• What is needed
Write out the listing below without alteration, omitting its pictures.

• Source data
• • • •
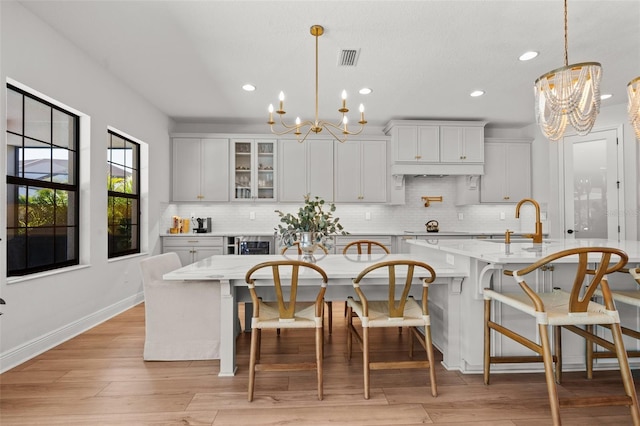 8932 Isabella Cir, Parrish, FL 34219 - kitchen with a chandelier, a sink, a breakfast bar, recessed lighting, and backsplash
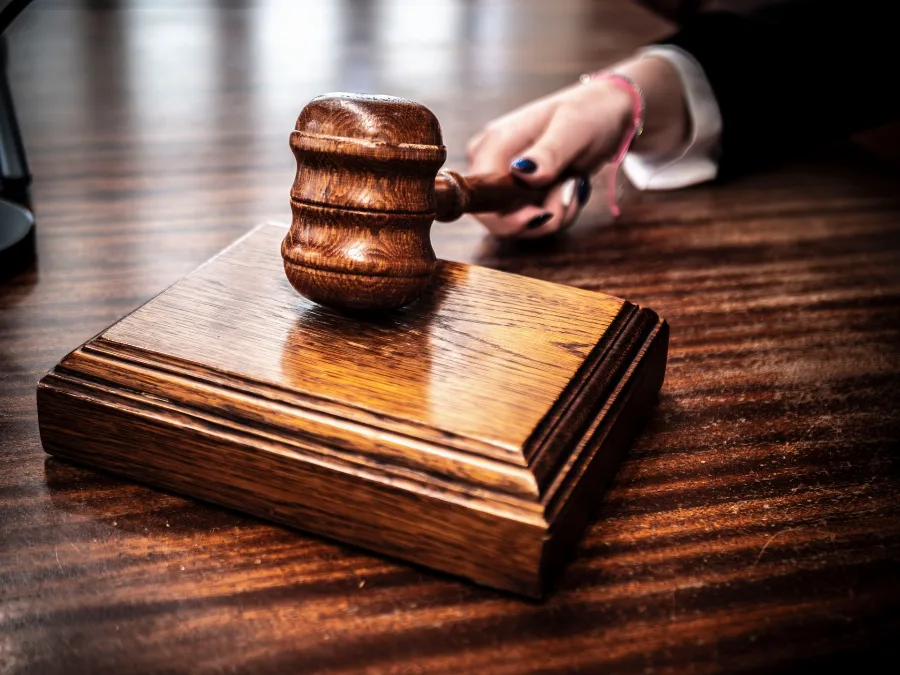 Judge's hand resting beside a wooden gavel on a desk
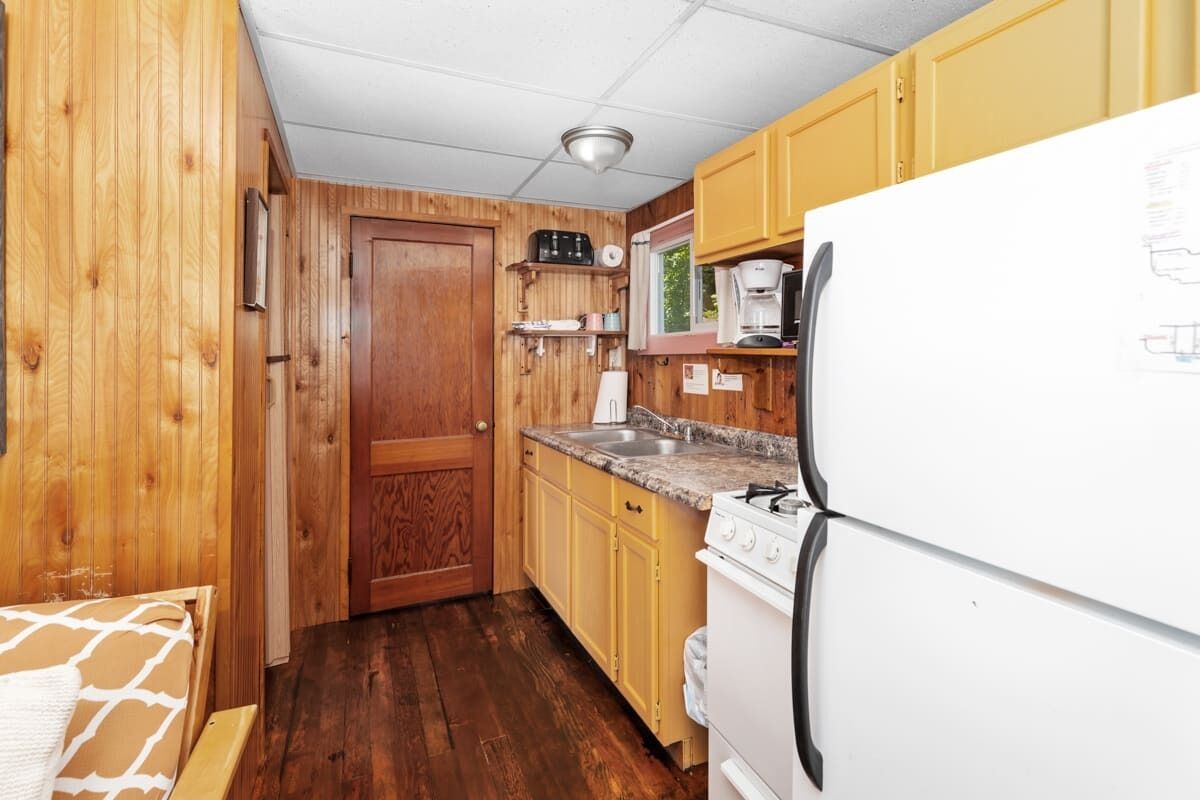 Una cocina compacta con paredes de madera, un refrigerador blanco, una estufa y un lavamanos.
• • • •
• Reply
 8932 Isabella Cir, Parrish, FL 34219 - kitchen with a chandelier, a sink, a breakfast bar, recessed lighting, and backsplash
 Judge's hand resting beside a wooden gavel on a desk
 Una cocina compacta con paredes de madera, un refrigerador blanco, una estufa y un lavamanos.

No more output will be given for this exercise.